Wie ist es aber um unsere Natur wirklich bestellt, wie gehen wir mit den natürlichen Ressourcen Boden, Landschaft, Wasser, Flora und Fauna um? Haben wir begriffen, dass es sich dabei um nichts weniger als um unsere Lebensgrundlagen dreht? Mit anderen Worten: zerstören wir die Natur, dann wird es auch für uns ungemütlich und unwirtlich.

Unser Problem ist, dass wir die Natur zwar für Urlaub und Erholung suchen und brauchen, sie aber im Alltag keinen Stellenwert hat, es scheint, als ob wir ein umfassendes Naturverständnis verloren haben. Wenn es um neue Bauplätze, Straßen, Windräder, Erschließung von Erholungsgebieten usw geht, dann denken Landespolitiker, Bürgermeister und deren Raumplaner nur an sich, an Asphalt und Beton, neue Schigebiete, Radwegenetze, nicht aber an die Natur und deren Unversehrtheit. Genauso sieht unser Land heute auch aus: die Verbauung und Verschandelung nimmt kontinuierlich zu, Experten rechnen uns eine Versiegelung von über 10 ha täglich vor, gleichzeitig ein Verfall der alten Bausubstanz in den Ortskernen, eine unbotmäßige Ausdehnung der Speckgürtel der Städte, allen voran Wien, ohne dabei ausreichend ökologische und stadtklimatische Ausgleichsmassnahmen zu setzen, von schönen Anblicken, Ensembleschutz und Schutz des Landschaftsbildes ganz zu schweigen. Machen wir so weiter, dann wird sich die Erfolgsformel Österreichs als Kulturnation inmitten schöner Natur langfristig und flächendeckend nicht aufrecht halten lassen.

Auch die Landbewirtschafter sind nicht viel besser. Jeder Quadratzentimeter wird genutzt, es gibt keine Wegböschungen mehr, Gräben und Bachläufe werden bis zur Wasserkante mehrfach jährlich gemäht, Hecken und Windschutzanlagen regelmäßig zusammengestutzt und selbst die Flächen, welche im Agrarjargon den Namen „Biodiversitätsfläche“ tragen, werden mehrmals jährlich gemäht, fast immer in der Brut- und Setzzeit der Wildtiere, was der Vermehrung derselben großen Schaden zuführt.

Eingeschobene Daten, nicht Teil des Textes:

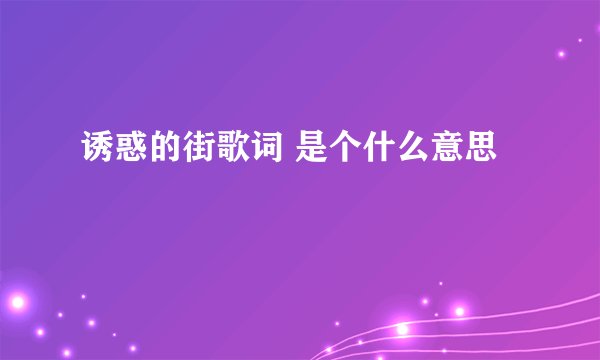 诱惑的街歌词 是个什么意思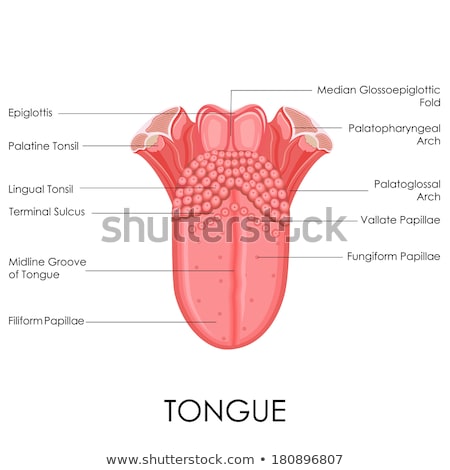 Human Tongue Anatomy Imagine de stoc © stockshoppe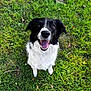 accessories, animal, ball, bodypart, canine, cockerspaniel, dog, field, grass, grassland, green, lawn, mouth, nature, outdoors, person, pet, plant, puppy, vegetation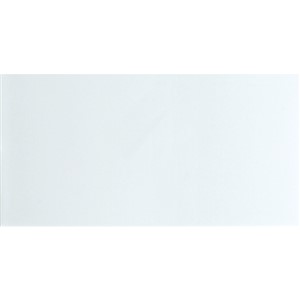 NB17252 SPARK MATT WHITE WALL TILE 310X610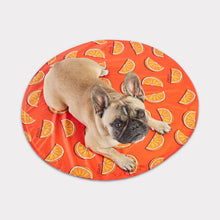 Load image into Gallery viewer, ICE MAT Pet Cooling Mat (L/XL) | Aqua - GF Pet
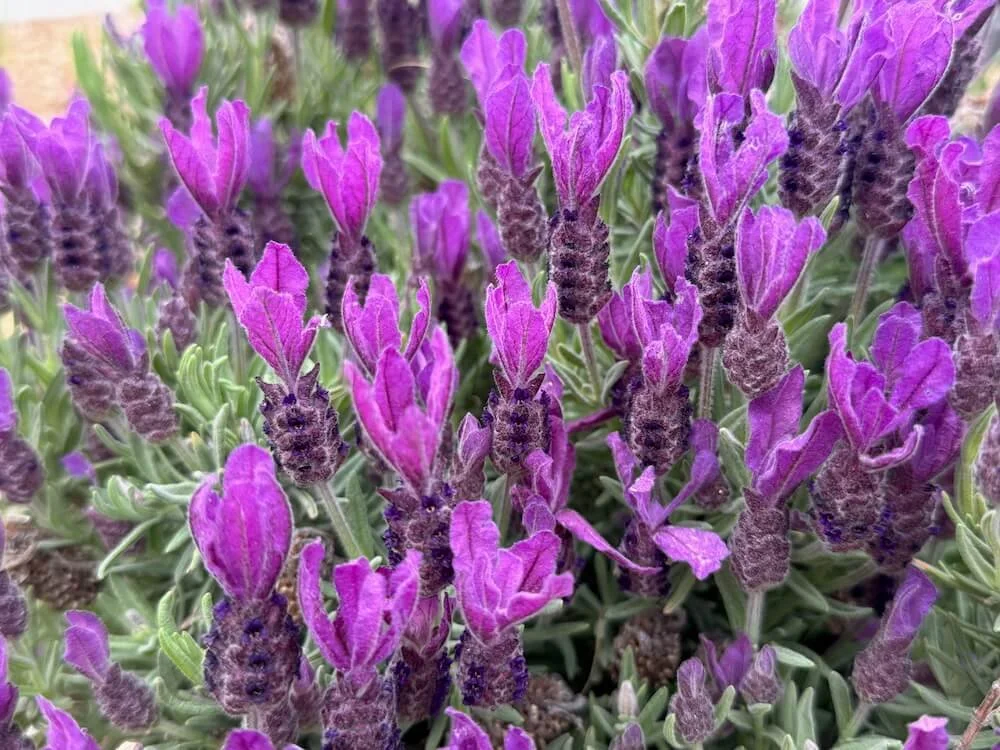 Lavandula stoechas 'Primavera' 02.jpeg
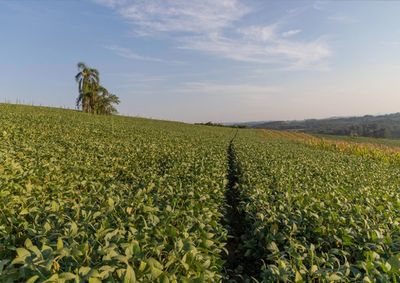 Confira a cota&ccedil;&atilde;o das principais culturas agr&iacute;colas da regi&atilde;o para essa segunda (17)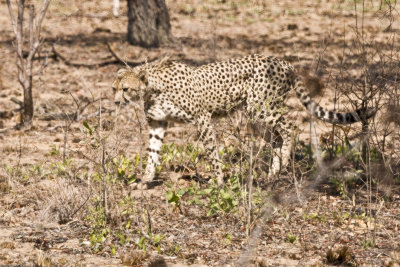 Cheetah_6442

Selbst Grünland und Biolandbau sind der Artenvielfalt kaum zuträglich, wird dort doch intensiv mechanisch gearbeitet, vom 3-4 maligen Schnitt von Grünland bis zum intensiven mechanischen Bearbeiten der Bodenoberfläche. Eine neue Sauberkeit und Ausgeräumtheit greift um sich, sehr zum Schaden der Artenvielfalt. Oftmals hört man von Bauern, dass dies alles wegen der Agrarverwaltung so ist, da diese europaweit eine digitale Erfassung aller Flächen erfordert, es darf also nichts „liegen bleiben“. Stimmt aber nur zum Teil, denn wer will, kann etwas für die Natur tun, trotz Agrarverwaltung.

Das Ergebnis von all dem ist mehr als betrüblich. Seit den 1980er Jahren haben wir einen Gutteil von Artenvielfalt und Biodiversität in Österreich und Europa verloren, die Vorkommen der gängigsten Singvögel wie Goldammer, Stieglitz, Kiebitz, Feldlerche, Turteltaube und selbst vom Hausspatz, sind um bis zu 60% zurückgegangen. Geht die Entwicklung so weiter, dann droht uns bald ein „stummer Frühling“. Dieser schleichende Niedergang der Artenvielfalt führt zu einer Verarmung unserer Ökosysteme, sie drohen daher zu kippen und dies stellt auch ein Risiko für unsere Lebensqualität dar.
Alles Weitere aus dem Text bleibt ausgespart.